Second, an IT services firm with recurring revenue but over-leveraged from an acquisition. The firm's value lies in contracts and people, not fixed assets. DIP restructuring allows the firm to restructure financial debt while preserving client relationships. Remedial proceedings give the additional tool of terminating the acquisition-related financing contract if its terms are unsustainable – a power unavailable outside formal proceedings. For cross-border matters involving creditors in other EU jurisdictions, the interaction between Polish proceedings and foreign enforcement is addressed in our guide on cross-border insolvency involving Poland and Sweden.
Third, a foreign investor's Polish subsidiary facing group-level liquidity pressure. The parent may be tempted to let the subsidiary enter bankruptcy to cut losses. DIP restructuring offers an alternative: the subsidiary files independently, the automatic stay blocks Polish creditor enforcement, and the group gains time to recapitalise or find a buyer. The pre-pack (pre-packaged arrangement) mechanism – where a buyer and sale terms are agreed before filing – can be combined with restructuring to transfer the business to a clean entity while resolving legacy liabilities. We have assisted a Silesian subsidiary of a German group in completing a pre-pack restructuring that preserved 120 jobs (winter 2025).

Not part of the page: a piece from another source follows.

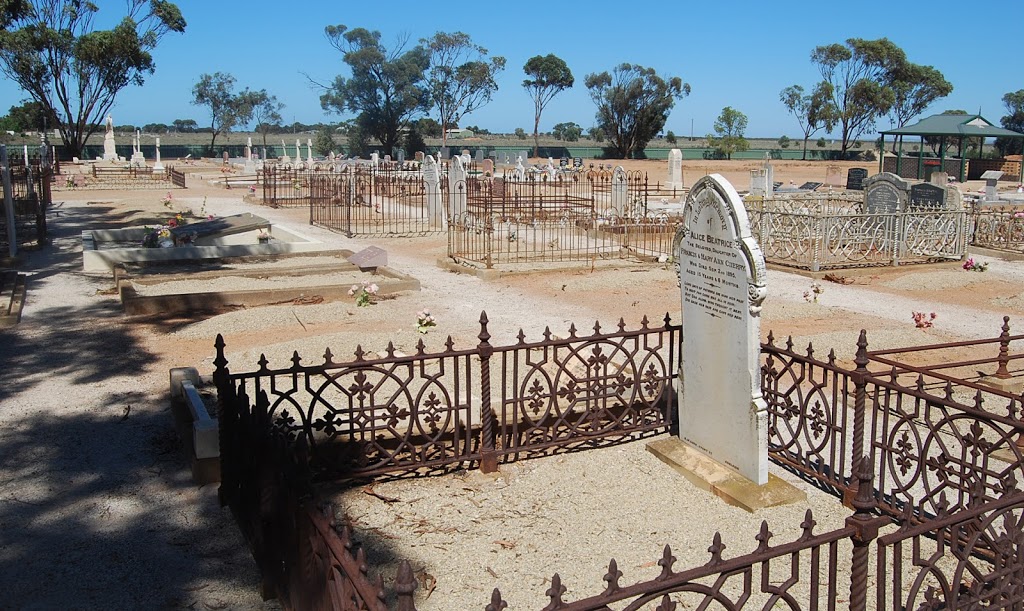 Port Wakefield Public Cemetery | 131 Annie Watt Rd, Port Wakefield SA 5550, Australia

For foreign investors whose group has operations in multiple EU states, understanding how Polish proceedings interact with Italian creditor claims is equally relevant – see our analysis of cross-border insolvency involving Poland and Italy for the jurisdictional framework.
What mistakes cause DIP restructuring to fail – and how does board liability arise?
The most common mistake is filing too late. Polish corporate legislation imposes personal liability on board members who fail to file for insolvency within 30 days of the company becoming insolvent. DIP restructuring does not suspend that obligation – it satisfies it, provided the filing is timely. A board that waits until cash is exhausted before filing restructuring proceedings may simultaneously face personal liability for the period of delay. That liability is joint and several, covers the full value of unsatisfied creditor claims, and is not discharged by the arrangement itself.
The second mistake is underestimating the liquidation test. Creditors will reject an arrangement if they believe bankruptcy liquidation would yield more. A poorly prepared financial projection – one that overstates asset values or understates liquidation costs – destroys creditor confidence and produces a failed vote. A failed vote terminates the proceedings, lifts the automatic stay, and exposes the company to immediate enforcement. That outcome is irreversible in practice: once creditors have voted against, rebuilding trust for a second attempt is extremely difficult.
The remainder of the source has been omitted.